While composite ANOVA and the liar-control pairwise analysis were found to be statistically significant, the hypocrite-liar comparison was not. This is likely due to the fact that the replication study had sufficient samples to identify the composite and liar-control effects with 80% power but not for the much smaller effect of hypocrite-liar comparison.

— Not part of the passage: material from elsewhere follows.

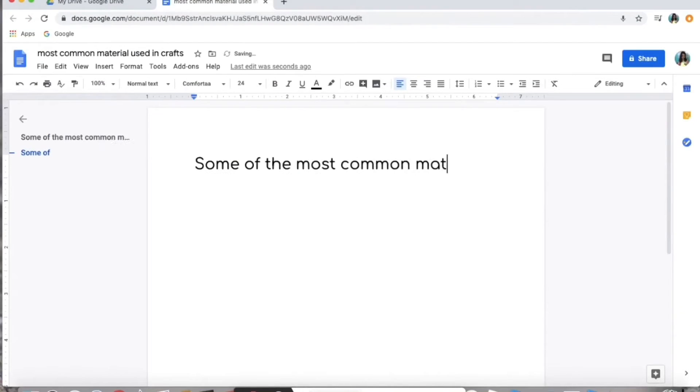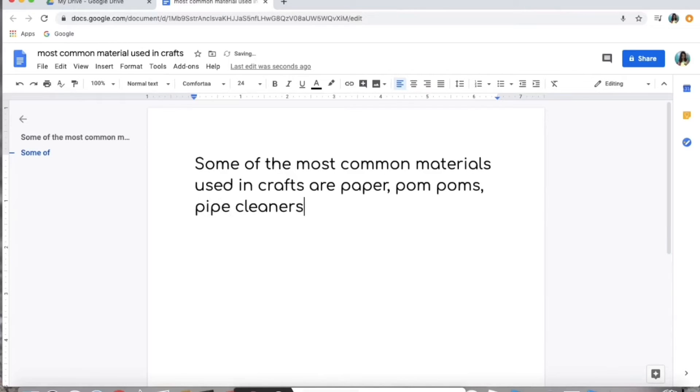I was actually surprised by how often pom-poms and pipe cleaners appeared. Another material I saw a lot was thread and wire and those kinds of things. I thought I had enough research, so I put it all together. My answer is: some of the most common materials used in crafts are paper, pom-poms, pipe cleaners, thread, and wire.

The study replicated as expected given the sample size of the replication analysis and whether the unreplicated effect will also replicate remains to be confirmed. Due to the lack of attention checks in both the original and replication studies, the data is inherently very noisy with many participants providing nonsense data to rush through the experiment. Had there been an attention check, an appropriate exclusion criterion, and consequently a higher signal-to-noise ratio in the data, the studies may have revealed a much higher effect size and required a smaller sample size to detect at sufficient power. For example, intuitively, a “medium effect size” for a dislike towards liars over non-liars should be an understatement.